THE PROBLEM:
What lines in the listing below hold the string "Silver"? Please copy them out.
• • • •
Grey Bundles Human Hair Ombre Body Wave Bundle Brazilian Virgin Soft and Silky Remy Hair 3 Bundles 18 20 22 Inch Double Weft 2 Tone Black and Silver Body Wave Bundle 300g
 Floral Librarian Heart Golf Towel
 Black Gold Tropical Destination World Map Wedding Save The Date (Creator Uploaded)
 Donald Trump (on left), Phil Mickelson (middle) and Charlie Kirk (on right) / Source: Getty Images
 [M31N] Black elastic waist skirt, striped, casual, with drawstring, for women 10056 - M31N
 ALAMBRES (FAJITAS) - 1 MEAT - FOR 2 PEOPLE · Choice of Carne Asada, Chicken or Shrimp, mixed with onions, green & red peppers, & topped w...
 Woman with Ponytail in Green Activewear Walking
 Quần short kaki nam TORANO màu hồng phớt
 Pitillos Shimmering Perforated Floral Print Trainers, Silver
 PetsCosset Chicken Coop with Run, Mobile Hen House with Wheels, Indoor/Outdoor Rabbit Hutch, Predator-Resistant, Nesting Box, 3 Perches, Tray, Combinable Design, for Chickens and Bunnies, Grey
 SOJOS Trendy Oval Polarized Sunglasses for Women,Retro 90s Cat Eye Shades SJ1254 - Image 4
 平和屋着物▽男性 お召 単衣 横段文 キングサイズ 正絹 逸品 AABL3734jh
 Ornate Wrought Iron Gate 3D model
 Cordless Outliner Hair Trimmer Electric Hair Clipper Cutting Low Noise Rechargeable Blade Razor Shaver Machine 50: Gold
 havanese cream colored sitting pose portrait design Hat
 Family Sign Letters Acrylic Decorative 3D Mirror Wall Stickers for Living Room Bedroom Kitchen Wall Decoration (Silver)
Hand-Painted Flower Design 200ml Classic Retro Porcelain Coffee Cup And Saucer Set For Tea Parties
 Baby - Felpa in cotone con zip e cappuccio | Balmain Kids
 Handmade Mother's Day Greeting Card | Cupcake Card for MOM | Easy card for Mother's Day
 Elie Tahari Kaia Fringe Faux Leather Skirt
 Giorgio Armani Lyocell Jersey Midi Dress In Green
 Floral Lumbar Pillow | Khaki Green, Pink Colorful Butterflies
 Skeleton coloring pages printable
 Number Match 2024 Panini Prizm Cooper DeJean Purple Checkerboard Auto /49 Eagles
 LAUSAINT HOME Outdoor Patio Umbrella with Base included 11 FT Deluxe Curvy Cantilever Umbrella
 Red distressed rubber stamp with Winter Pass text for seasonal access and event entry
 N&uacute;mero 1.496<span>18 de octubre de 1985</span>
• • • •
WRITTEN RESPONSE:
Grey Bundles Human Hair Ombre Body Wave Bundle Brazilian Virgin Soft and Silky Remy Hair 3 Bundles 18 20 22 Inch Double Weft 2 Tone Black and Silver Body Wave Bundle 300g
 Pitillos Shimmering Perforated Floral Print Trainers, Silver
 Family Sign Letters Acrylic Decorative 3D Mirror Wall Stickers for Living Room Bedroom Kitchen Wall Decoration (Silver)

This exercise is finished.